Problem: Your reply should consist only of the lines from the one holding "Villa in Alicante, Spanien" to the last line of the data below, written out exactly and without pictures.

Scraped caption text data
Content starts

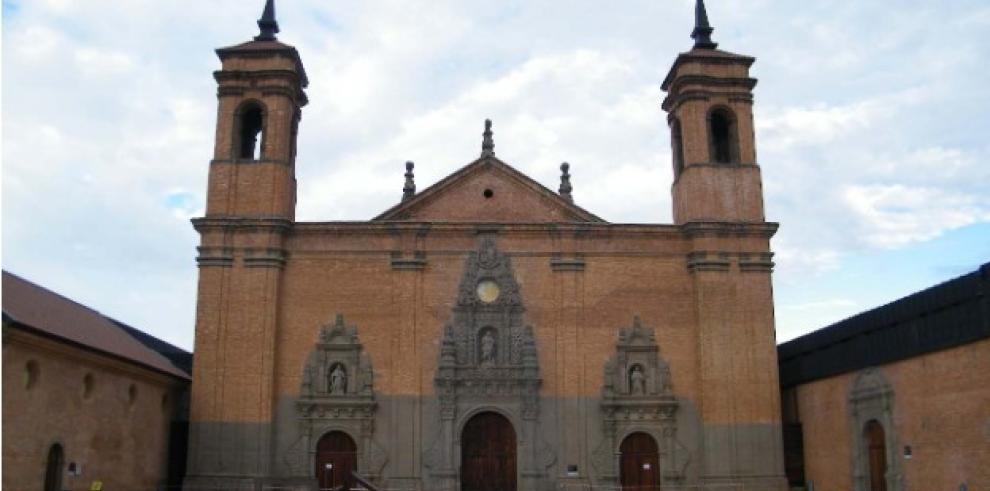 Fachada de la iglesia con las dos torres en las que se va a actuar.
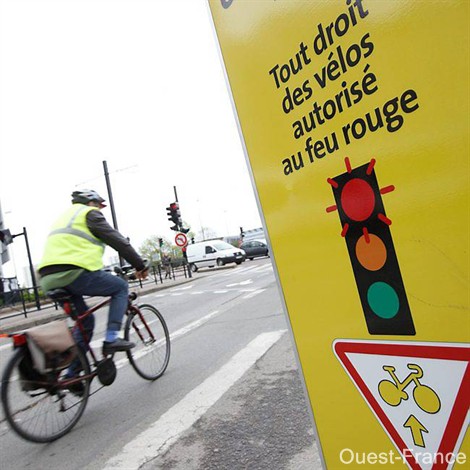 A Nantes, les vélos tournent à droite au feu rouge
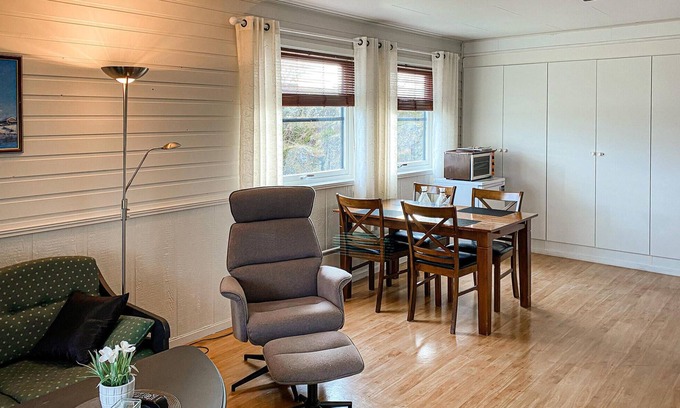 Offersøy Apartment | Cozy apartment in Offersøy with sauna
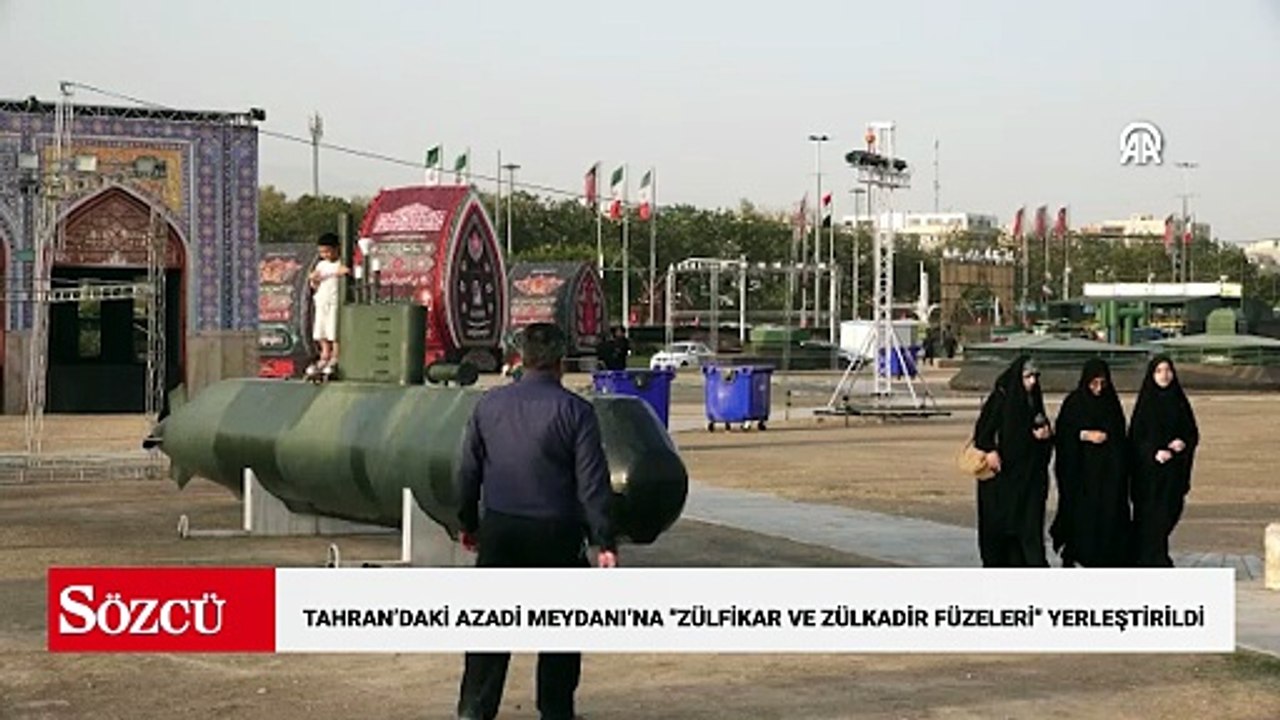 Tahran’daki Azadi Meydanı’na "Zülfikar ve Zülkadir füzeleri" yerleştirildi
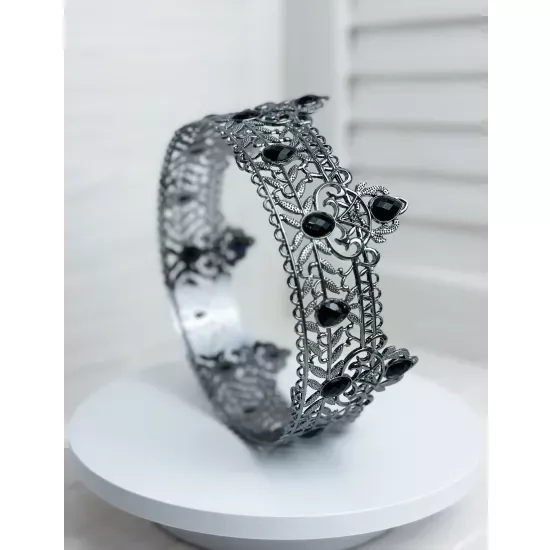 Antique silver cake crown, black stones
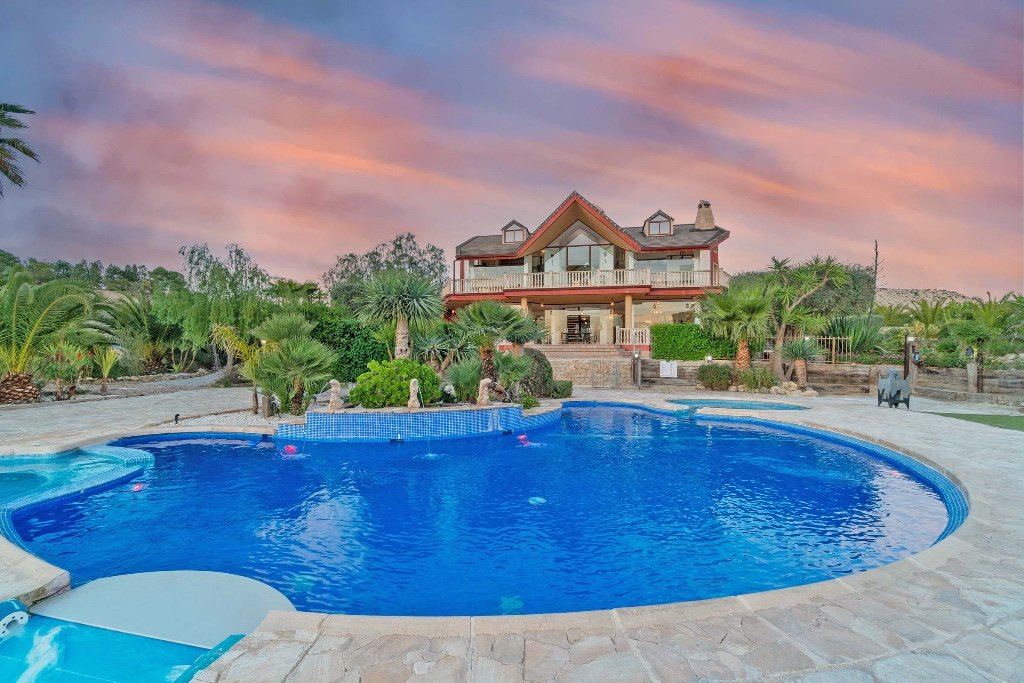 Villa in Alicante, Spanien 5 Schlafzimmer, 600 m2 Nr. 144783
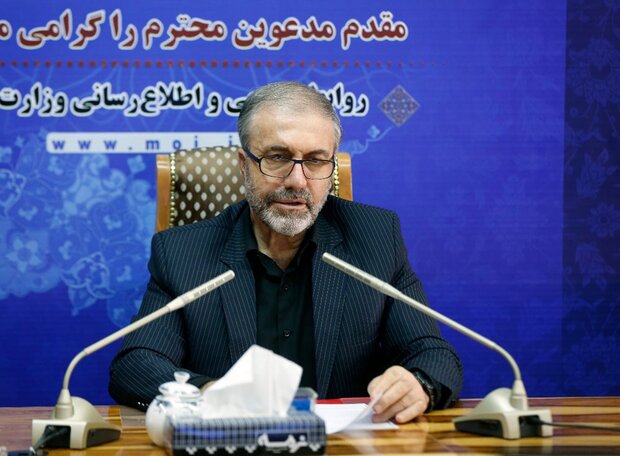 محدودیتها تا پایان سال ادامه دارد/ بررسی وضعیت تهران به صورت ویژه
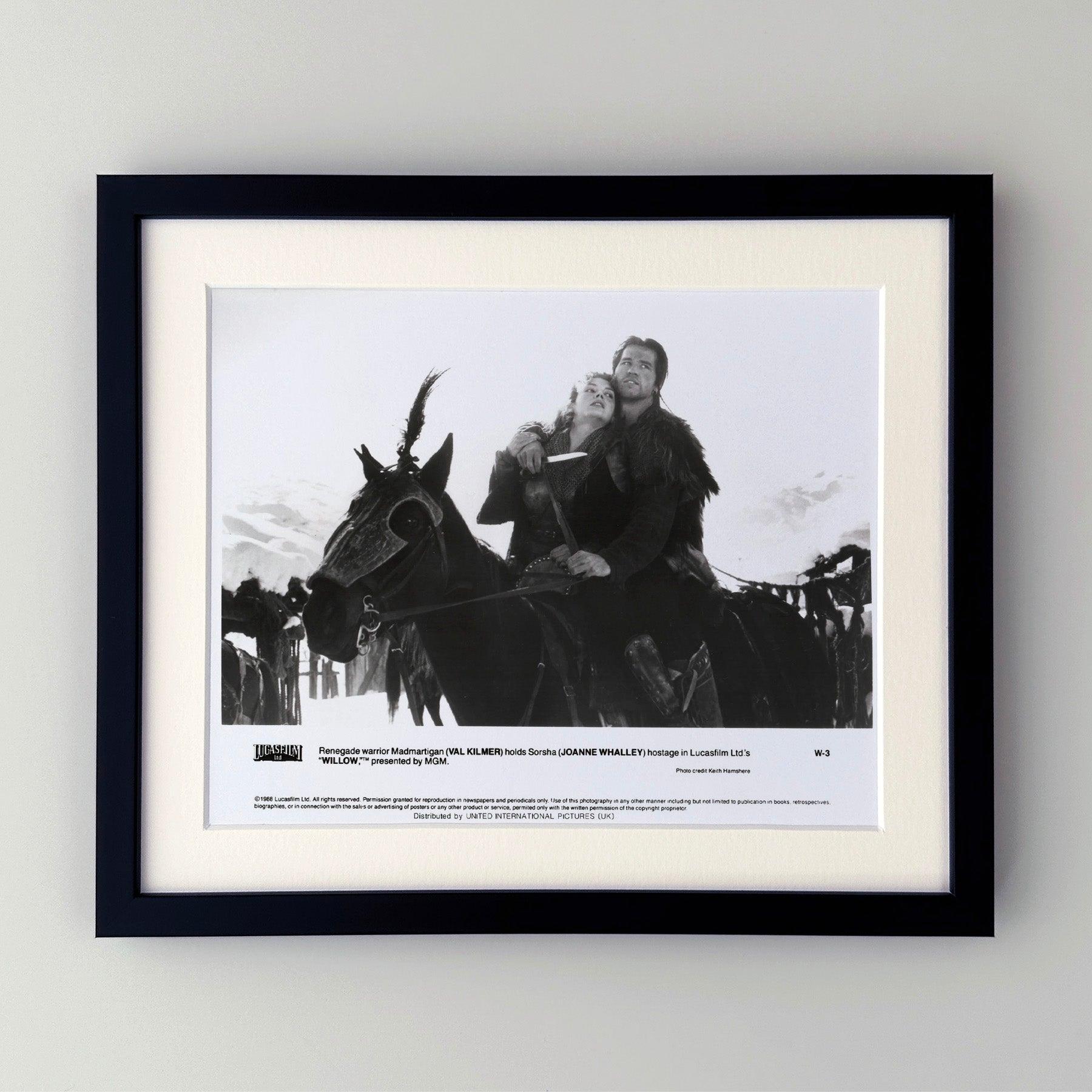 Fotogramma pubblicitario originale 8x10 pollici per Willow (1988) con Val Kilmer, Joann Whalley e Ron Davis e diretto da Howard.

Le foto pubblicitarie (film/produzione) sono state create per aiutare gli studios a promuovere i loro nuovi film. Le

Content ends

Solution to this task:
 Villa in Alicante, Spanien 5 Schlafzimmer, 600 m2 Nr. 144783
 محدودیتها تا پایان سال ادامه دارد/ بررسی وضعیت تهران به صورت ویژه
 Fotogramma pubblicitario originale 8x10 pollici per Willow (1988) con Val Kilmer, Joann Whalley e Ron Davis e diretto da Howard.

Le foto pubblicitarie (film/produzione) sono state create per aiutare gli studios a promuovere i loro nuovi film. Le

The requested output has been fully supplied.